(Saved entries)
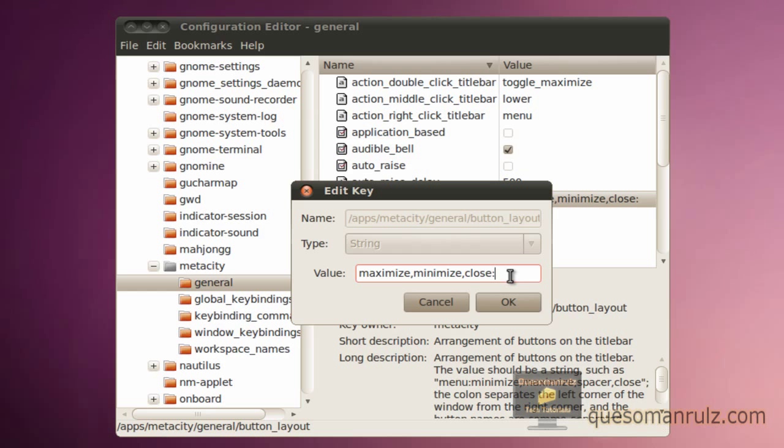What you need to do to make it look like Windows is switch these around. You can also include the menu which is in the top left corner. It does a similar thing to clicking the application icon in Windows, bringing up a menu with some options.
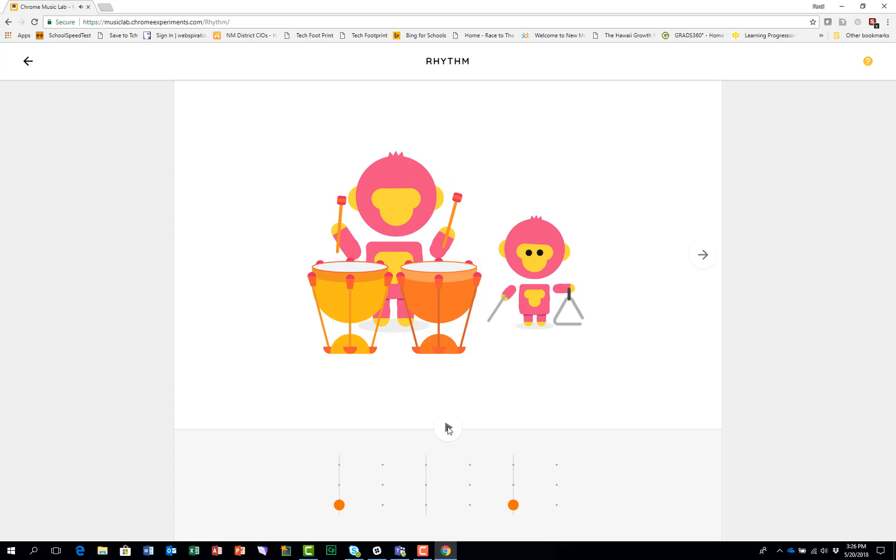So your challenge is to have two notes on each instrument, but no more than two in the three beat pattern.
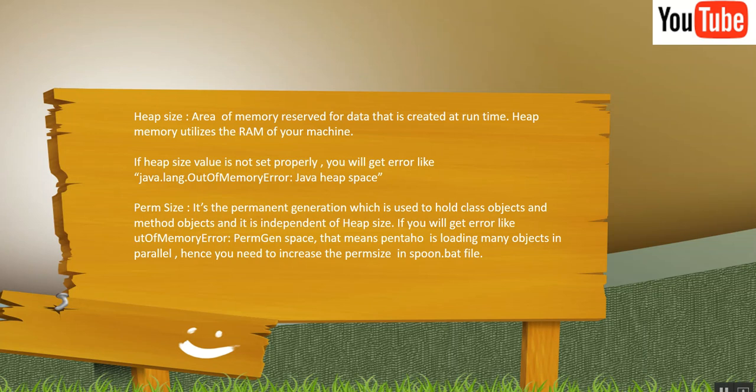Now the point is I said Spoon.bat. This is how you start up your Pentaho, so this is startup settings. Don't get confused between Spoon.bat and startup settings. Both are the same. So they are asking you to change the Spoon.bat file.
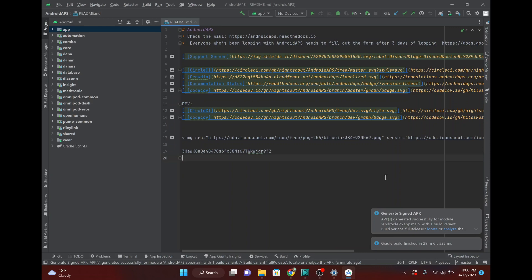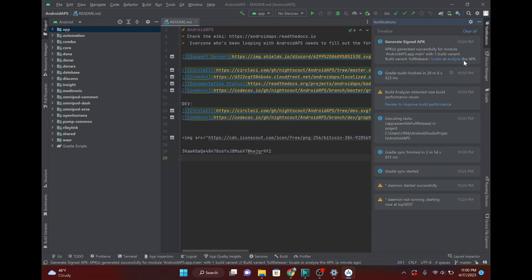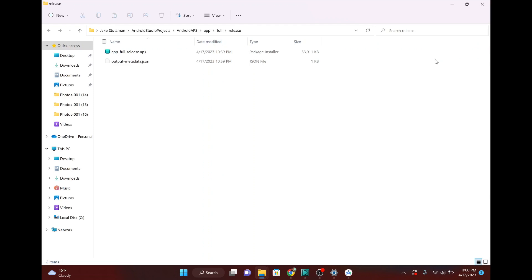Okay. Just got the notification that we were done. So, you just click here. And then you want to locate that APK that was just generated. Okay. And it's the app full release.APK.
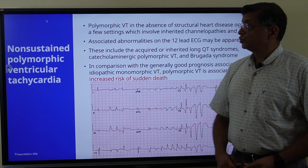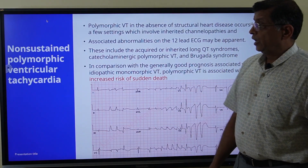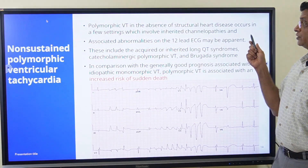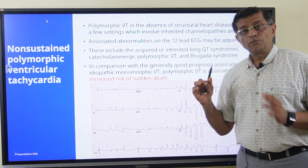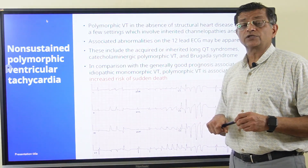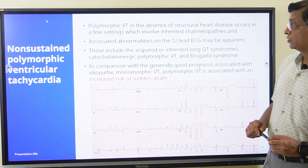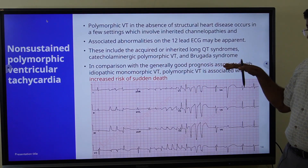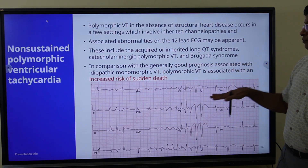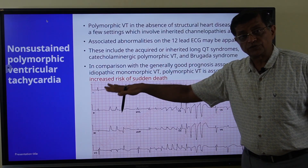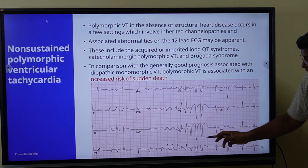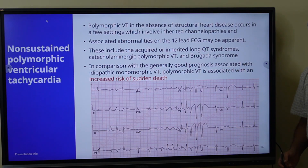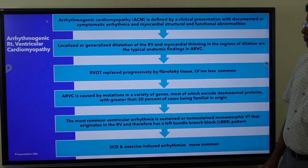The third condition is non-sustained polymorphic ventricular tachycardia. As the name suggests, polymorphic means different ventricular ectopics coming from different foci, making this more dangerous. In the absence of structural heart disease, it occurs in inherited channelopathies such as long QT syndrome, catecholaminergic polymorphic VT, or Brugada syndrome. In comparison to the generally good prognosis of idiopathic monomorphic VT, polymorphic VT is associated with increased risk of sudden cardiac death.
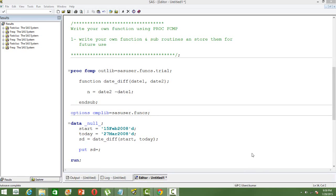In this video, I will discuss how to write your own function using the SAS procedure PROC FCMP. PROC FCMP is used to write your own SAS functions or subroutines, and then you can store these functions or subroutines in a folder and call them later in other data steps or procedures.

WHAT NEEDS TO BE DONE:
From the first line of the records through the line with "Okay. Just got", reproduce each line exactly and leave the pictures out.

TASK ANSWER:
What you need to do to make it look like Windows is switch these around. You can also include the menu which is in the top left corner. It does a similar thing to clicking the application icon in Windows, bringing up a menu with some options.
So your challenge is to have two notes on each instrument, but no more than two in the three beat pattern.
Now the point is I said Spoon.bat. This is how you start up your Pentaho, so this is startup settings. Don't get confused between Spoon.bat and startup settings. Both are the same. So they are asking you to change the Spoon.bat file.
Okay. Just got the notification that we were done. So, you just click here. And then you want to locate that APK that was just generated. Okay. And it's the app full release.APK.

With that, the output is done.